Nepal is a relatively small, land-locked agricultural state squeezed between China and India, Asia’s main rising powers. While its importance is limited on its own, in the context of ongoing Sino-India competition Nepal holds a greater geopolitical significance. As a matter of fact, it is a typical example of buffer state between two great powers. But for a buffer zone to preserve its nature, a fundamental requirement must be respected: none of the two neighbors should have a prominent role in its affairs. In other words, there must be a mutually acceptable status quo. If the buffer state starts leaning toward one power, the equilibrium is put at risk as the other will consider it an extension of its competitor, and therefore as a potential threat.
Recent geopolitical developments indicate that this may well be the case in Nepal; the equilibrium is straining, with potential ramifications for the region and beyond.
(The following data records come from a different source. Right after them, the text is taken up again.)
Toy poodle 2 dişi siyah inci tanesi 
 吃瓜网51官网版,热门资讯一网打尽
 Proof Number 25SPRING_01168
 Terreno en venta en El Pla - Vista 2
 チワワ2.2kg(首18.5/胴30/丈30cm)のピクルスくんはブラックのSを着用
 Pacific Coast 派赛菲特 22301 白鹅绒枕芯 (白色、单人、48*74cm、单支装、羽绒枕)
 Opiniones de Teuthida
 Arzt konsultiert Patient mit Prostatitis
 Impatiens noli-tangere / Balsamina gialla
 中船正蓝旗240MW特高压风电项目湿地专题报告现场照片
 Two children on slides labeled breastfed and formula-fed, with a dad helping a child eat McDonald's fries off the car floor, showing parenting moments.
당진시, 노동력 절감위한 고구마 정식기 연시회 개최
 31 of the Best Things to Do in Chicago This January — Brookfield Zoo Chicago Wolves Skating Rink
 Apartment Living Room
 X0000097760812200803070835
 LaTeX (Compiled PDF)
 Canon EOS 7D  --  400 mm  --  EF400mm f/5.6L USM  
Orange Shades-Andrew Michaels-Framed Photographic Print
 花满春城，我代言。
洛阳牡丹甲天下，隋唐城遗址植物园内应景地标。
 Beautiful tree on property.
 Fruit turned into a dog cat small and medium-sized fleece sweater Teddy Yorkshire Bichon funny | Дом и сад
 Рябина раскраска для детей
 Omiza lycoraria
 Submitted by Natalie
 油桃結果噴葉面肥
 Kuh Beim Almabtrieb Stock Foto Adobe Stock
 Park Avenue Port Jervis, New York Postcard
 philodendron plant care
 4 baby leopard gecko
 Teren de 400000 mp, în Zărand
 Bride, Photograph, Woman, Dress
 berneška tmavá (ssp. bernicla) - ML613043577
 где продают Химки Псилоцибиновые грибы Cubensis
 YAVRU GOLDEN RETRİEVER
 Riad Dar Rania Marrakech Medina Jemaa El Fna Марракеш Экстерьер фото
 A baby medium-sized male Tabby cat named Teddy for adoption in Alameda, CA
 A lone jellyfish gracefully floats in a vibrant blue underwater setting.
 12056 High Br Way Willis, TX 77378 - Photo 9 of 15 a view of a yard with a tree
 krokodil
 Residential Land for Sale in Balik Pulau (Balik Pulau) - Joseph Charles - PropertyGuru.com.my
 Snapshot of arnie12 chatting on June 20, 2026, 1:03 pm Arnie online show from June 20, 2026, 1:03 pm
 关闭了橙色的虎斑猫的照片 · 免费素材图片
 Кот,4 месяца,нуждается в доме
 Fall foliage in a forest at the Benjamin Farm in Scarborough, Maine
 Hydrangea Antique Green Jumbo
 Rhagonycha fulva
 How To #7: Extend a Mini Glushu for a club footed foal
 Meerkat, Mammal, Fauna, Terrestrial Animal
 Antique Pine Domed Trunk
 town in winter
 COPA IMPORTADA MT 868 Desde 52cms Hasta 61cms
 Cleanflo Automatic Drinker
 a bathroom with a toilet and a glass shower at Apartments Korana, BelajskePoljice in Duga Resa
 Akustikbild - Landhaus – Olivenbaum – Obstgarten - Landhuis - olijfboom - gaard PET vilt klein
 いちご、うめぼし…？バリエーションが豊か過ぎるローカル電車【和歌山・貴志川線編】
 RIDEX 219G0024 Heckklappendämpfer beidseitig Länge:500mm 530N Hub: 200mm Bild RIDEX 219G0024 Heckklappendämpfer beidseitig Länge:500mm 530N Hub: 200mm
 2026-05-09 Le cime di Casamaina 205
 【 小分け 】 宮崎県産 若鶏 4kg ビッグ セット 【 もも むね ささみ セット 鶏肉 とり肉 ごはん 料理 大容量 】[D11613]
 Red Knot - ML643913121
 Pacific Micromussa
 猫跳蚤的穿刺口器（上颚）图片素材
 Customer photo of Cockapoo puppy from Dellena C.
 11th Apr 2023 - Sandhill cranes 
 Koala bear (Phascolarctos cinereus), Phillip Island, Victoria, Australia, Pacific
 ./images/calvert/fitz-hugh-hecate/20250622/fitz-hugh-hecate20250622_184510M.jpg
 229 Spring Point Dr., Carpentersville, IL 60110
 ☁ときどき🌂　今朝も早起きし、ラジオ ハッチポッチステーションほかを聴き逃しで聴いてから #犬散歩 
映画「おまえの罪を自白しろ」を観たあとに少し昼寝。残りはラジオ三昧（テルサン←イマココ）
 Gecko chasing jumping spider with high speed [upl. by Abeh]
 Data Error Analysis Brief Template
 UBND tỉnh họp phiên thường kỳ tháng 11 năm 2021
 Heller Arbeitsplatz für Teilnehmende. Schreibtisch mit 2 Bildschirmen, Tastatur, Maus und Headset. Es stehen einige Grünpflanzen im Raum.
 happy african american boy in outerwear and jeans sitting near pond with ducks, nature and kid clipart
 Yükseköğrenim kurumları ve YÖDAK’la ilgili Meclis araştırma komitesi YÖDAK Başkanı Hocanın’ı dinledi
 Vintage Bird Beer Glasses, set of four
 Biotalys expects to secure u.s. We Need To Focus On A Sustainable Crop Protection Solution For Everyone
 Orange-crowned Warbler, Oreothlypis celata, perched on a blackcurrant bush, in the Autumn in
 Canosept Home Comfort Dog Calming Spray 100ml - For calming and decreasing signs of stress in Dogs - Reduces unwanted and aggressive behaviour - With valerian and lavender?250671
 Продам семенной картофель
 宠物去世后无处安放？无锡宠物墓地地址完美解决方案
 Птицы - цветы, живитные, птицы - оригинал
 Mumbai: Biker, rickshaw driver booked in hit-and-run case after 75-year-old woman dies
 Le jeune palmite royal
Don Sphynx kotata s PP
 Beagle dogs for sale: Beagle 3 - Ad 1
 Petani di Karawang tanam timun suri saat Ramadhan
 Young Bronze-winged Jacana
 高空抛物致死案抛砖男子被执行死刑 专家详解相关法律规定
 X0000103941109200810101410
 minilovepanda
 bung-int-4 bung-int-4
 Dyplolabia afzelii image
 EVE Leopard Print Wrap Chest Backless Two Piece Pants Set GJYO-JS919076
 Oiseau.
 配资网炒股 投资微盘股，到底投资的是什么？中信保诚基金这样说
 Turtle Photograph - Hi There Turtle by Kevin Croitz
Originally a Kingdom within the sphere of influence of the British Empire, Nepal began facing serious political troubles in 1996, when a Maoist insurgency triggered a civil war that lasted 10 years. In 2008, two years after the end of the conflict, the monarchy was abolished and Nepal became a federal democratic republic. In the short term, this did not have much of an effect on the country’s foreign policy, and especially towards India. Nepal maintained friendly (and some even say subordinate) relations with its large southern neighbor for decades.